-- WORK ORDER --
Copy out the lines of the records below, and only those lines, from the one with "Resplendent 22 Karat" through the one with "Brass Knurled Round", exactly as they appear.

-- DATA SHOWN --

"""

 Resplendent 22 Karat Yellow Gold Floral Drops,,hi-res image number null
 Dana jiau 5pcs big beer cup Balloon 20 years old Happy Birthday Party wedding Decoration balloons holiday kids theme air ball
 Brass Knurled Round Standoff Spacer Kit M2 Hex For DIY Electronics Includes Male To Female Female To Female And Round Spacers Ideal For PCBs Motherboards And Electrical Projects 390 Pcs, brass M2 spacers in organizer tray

"""
"""

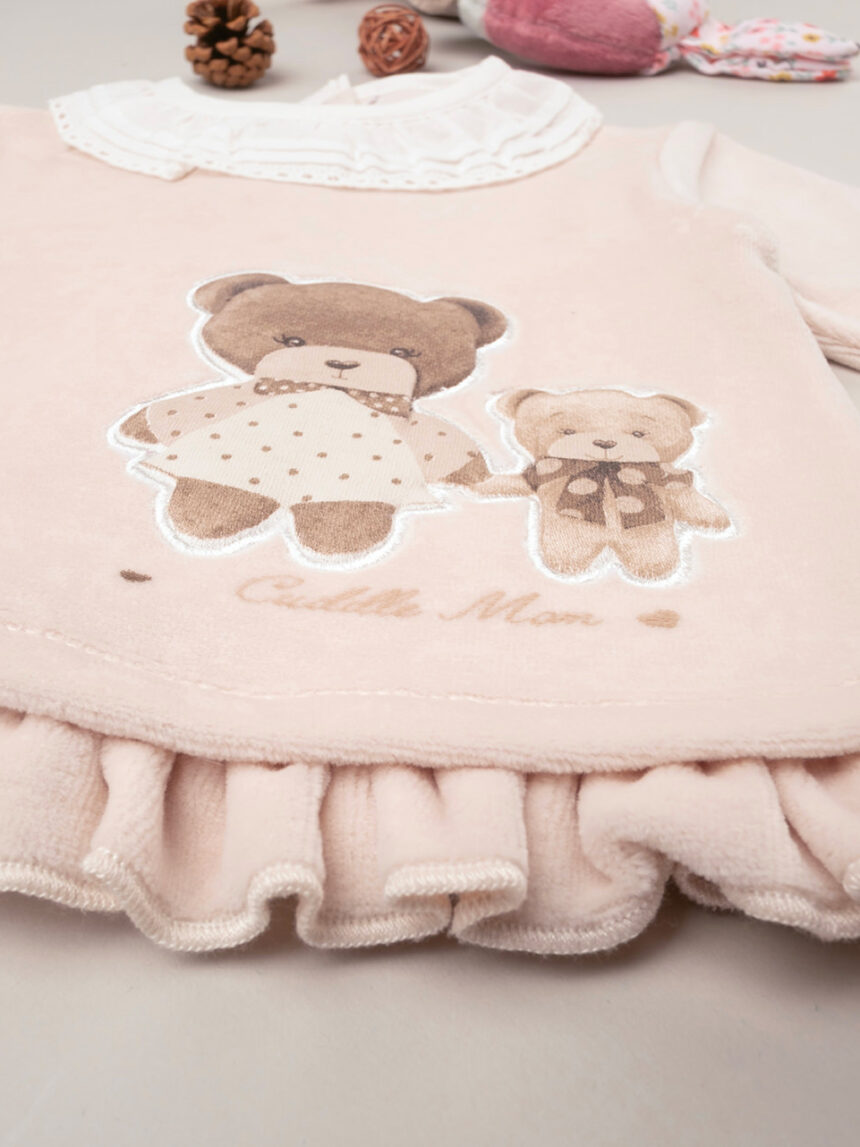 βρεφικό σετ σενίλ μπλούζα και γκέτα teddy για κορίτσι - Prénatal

"""

-- SOLUTION --
 Resplendent 22 Karat Yellow Gold Floral Drops,,hi-res image number null
 Dana jiau 5pcs big beer cup Balloon 20 years old Happy Birthday Party wedding Decoration balloons holiday kids theme air ball
 Brass Knurled Round Standoff Spacer Kit M2 Hex For DIY Electronics Includes Male To Female Female To Female And Round Spacers Ideal For PCBs Motherboards And Electrical Projects 390 Pcs, brass M2 spacers in organizer tray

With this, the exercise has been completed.